You can also try to implement your own models, but currently this is not directly supported by the package.

In [None]:
from flx.data.dataset import IdentifierSet, Identifier
from flx.extractor.fixed_length_extractor import get_DeepPrint_TexMinu, DeepPrintExtractor

# We will use the example dataset with 10 subjects and 10 impression per subject
training_ids: IdentifierSet = IdentifierSet([Identifier(i, j) for i in range(10) for j in range(10)])

# We choose a dimension of 512 for the fixed-length representation (TexMinu has two outputs num_dims)
extractor: DeepPrintExtractor = get_DeepPrint_TexMinu(num_training_subjects=training_ids.num_subjects, num_dims=256)

## Training the model

Instantiating the model was easy. To train it, first we will load the training data (see the [data tutorial](./dataset_tutorial.ipynb) for how to implement your own dataset).

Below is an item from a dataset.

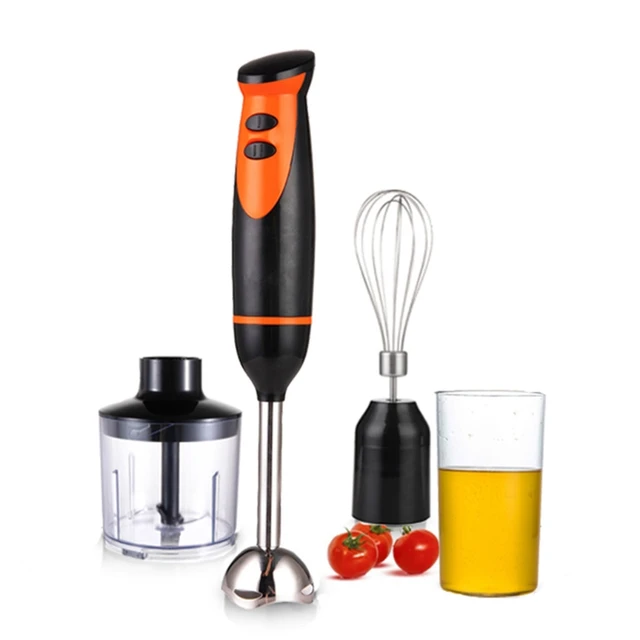 hand blender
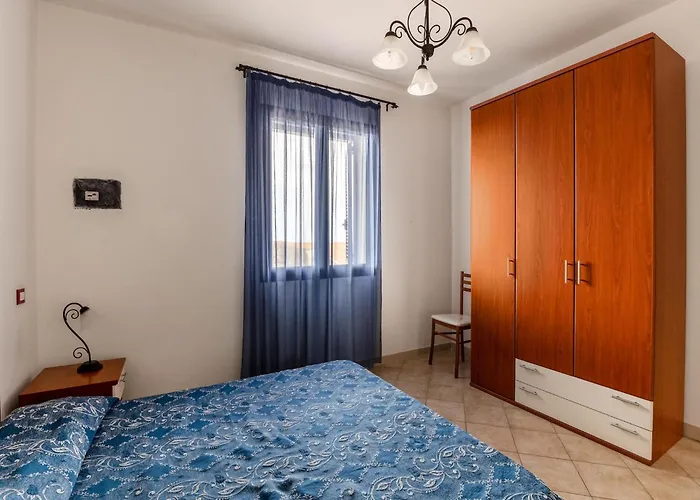 Apartman Vicino Al Mare, 2 Piscine *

Besides the fingerprint images, we also need a mapping from subjects to integer labels (for pytorch). For some variants we also need minutiae data. To see how a more complex dataset can be loaded, have a look at `flx/setup/datasets.py`.

Finally, we call the `fit` method, which trains the model and saves it to the specified path.

There is also the option to add a validation set, which will be used to evaluate the embeddings during training. This is useful to monitor the training progress and to avoid overfitting.
In this example we will not use a validation set for simplicity.

In [None]:
import os

import torch 

from flx.data.dataset import *
from flx.data.image_loader import SFingeLoader
from flx.data.minutia_map_loader import SFingeMinutiaMapLoader
from flx.data.label_index import LabelIndex
from flx.data.transformed_image_loader import TransformedImageLoader
from flx.image_processing.binarization import LazilyAllocatedBinarizer
from flx.data.image_helpers import pad_and_resize_to_deepprint_input_size

# NOTE: If this does not work, enter the absolute paths manually here! 
DATASET_DIR: str = os.path.abspath("example-dataset")
MODEL_OUTDIR: str = os.path.abspath("example-model")

# We will use the SFingeLoader to load the images from the dataset
image_loader = TransformedImageLoader(
        images=SFingeLoader(DATASET_DIR),
        poses=None,
        transforms=[
            LazilyAllocatedBinarizer(5.0),
            pad_and_resize_to_deepprint_input_size,
        ],
    )

image_dataset = Dataset(image_loader, training_ids)

# For pytorch, we need to map the subjects to integer labels from [0 ... num_subjects-1]
label_dataset = Dataset(LabelIndex(training_ids), training_ids)

minutia_maps_dataset = Dataset(SFingeMinutiaMapLoader(DATASET_DIR), training_ids)

extractor.fit(
    fingerprints=image_dataset,
    minutia_maps=minutia_maps_dataset,
    labels=label_dataset,
    validation_fingerprints=None,
    validation_benchmark=None,
    num_epochs=20,
    out_dir=MODEL_OUTDIR
)